This year marks the 20th anniversary of Mel Gibson’s earth-shaking film The Passion of the Christ. To be sure, this movie is earth-shaking in the sense that a serious film (in Aramaic, Hebrew, and Latin with subtitles, no less) about the torture and death of Jesus Christ could even appear in theaters across the country. The conventional wisdom in modern times is that box-office Christianity simply does not pay. But The Passion of the Christ would defy the odds and become an international theater smash, raising $612 million after a mere $30 million was spent in production.

But The Passion of the Christ did more than upend conventional market expectations. The world was rocked by the film’s very nature. For 127 grueling minutes, we are witness to the peak drama of the Christian narrative—the tumultuous last 12 hours of Jesus Christ’s life. From Christ’s Agony in the Garden to his betrayal by Judas Iscariot, from his scourging at the pillar to his crowning with thorns, from his relentless trudge down the Way of the Cross to his nailed, sword-pierced, last gasp on the cross. The bludgeoning and whipping, the pounding and stabbing, the mocking and spitting afflict this defiant-in-submission God-man amid the shame-filled silence of his petrified disciples and the heaving sobs of his despairing followers. 

The endured violence was bad enough, but the film’s personification of evil lent the Devil his day. The hooded, deathly pale Lucifer in the garden chillingly whispered to the agonizing Christ what I know I would have been whispering to myself: “No man can carry this weight alone. It is far too heavy. Saving men’s souls is too costly. No one ever … ” Then the Devil breaks, as if listening to Jesus’ inner rebuttal, and then continues in terse response, “No, not ever.” Even the scene where a smiling centurion is whipping Jesus, we are further jarred as the black-hooded Lucifer walks silently amid Roman soldiers while cradling a baby in its arms. At the far limits of torture, Christ’s gaze fixes momentarily on the Devil whose infant turns to reveal itself as a sneering grotesque. Some have conjectured this monstrosity symbolized the Devil’s prized victory against God’s creation—dignified man—which was the loss of innocence, original sin. 

It was brutal. A horror. But it was a necessary horror. 
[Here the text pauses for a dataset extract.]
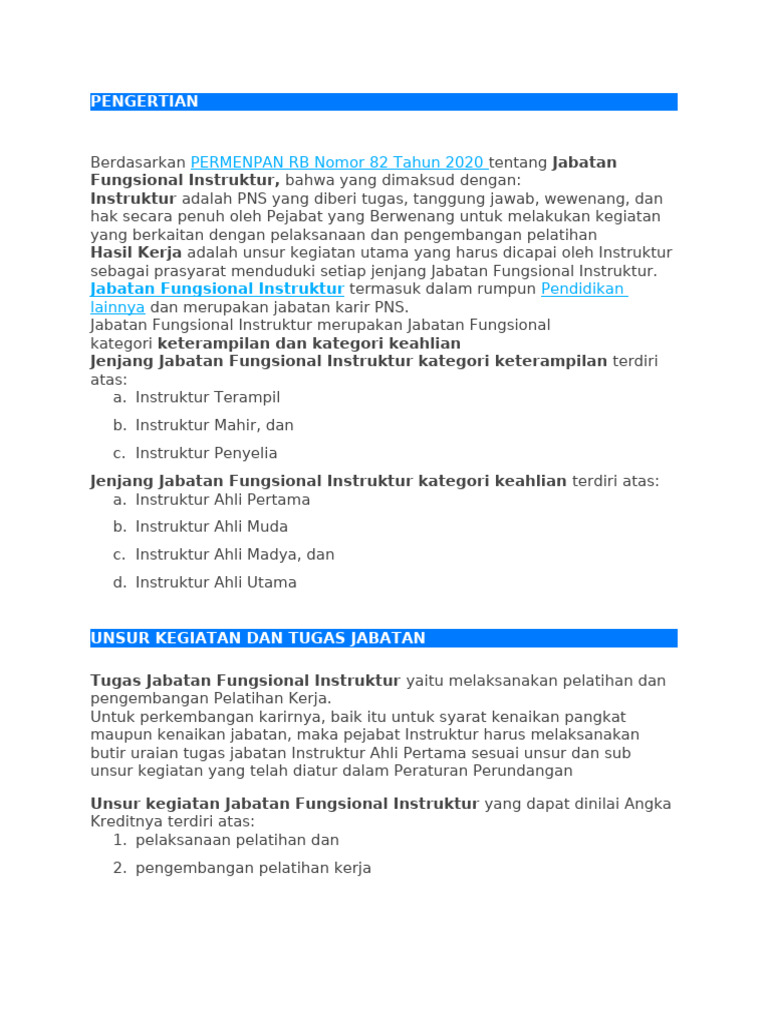 Tugas Instruktur Ahli Pertama PNS | PDF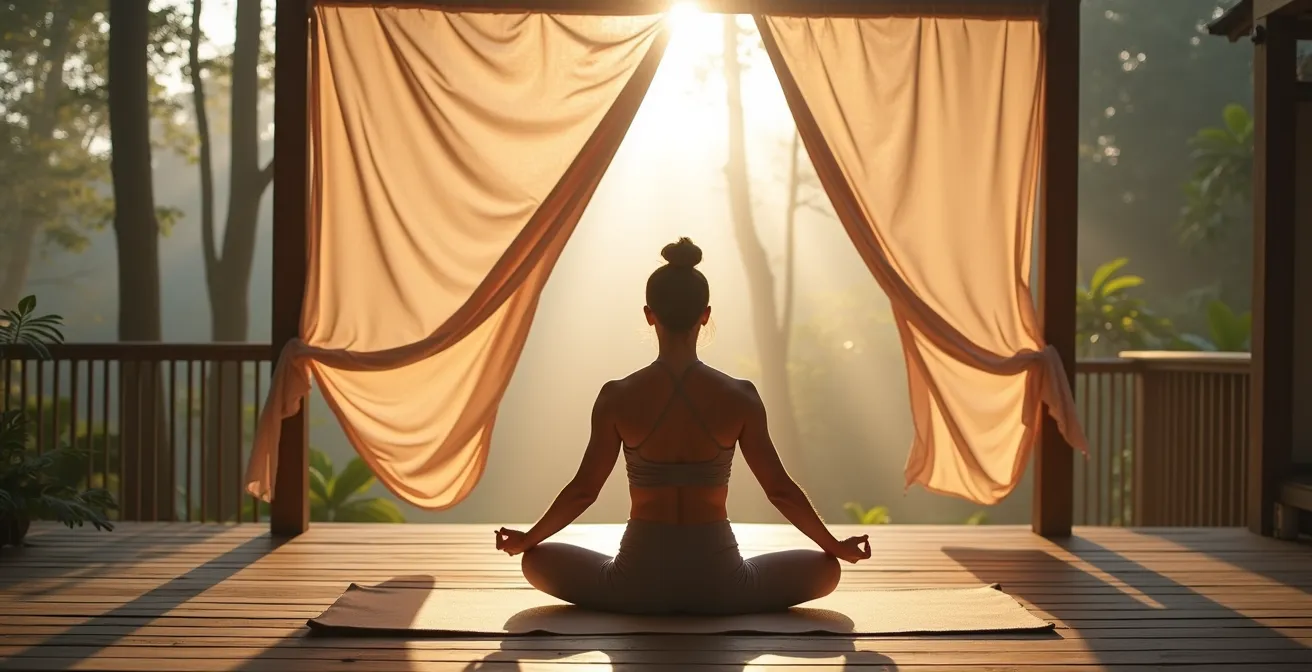 Person in yoga pose on a wooden deck with privacy screens and serene nature surroundings.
In the Christian faith, we believe in a perfect God. A God of both perfect mercy and perfect justice. We also believe that we are dignified children of God imbued with glorious value quite simply for being. But to understand our Christian story is to understand that, though we are dignified, we are fallen, and in need of redemption. The cost of our fall, the price of our sin, is too great for any one of us to pay. And so, to pay an insurmountable debt (justice), we must rely on inextinguishable grace (mercy). In the Passion and Crucifixion of the fully human, fully divine Jesus Christ, the debt of the world’s sins is paid and the debtors are set free (that is, if we are willing to accept the payment on our behalf). This is the Christian narrative of enormity: enormous dignity, enormous fall, enormous redemption.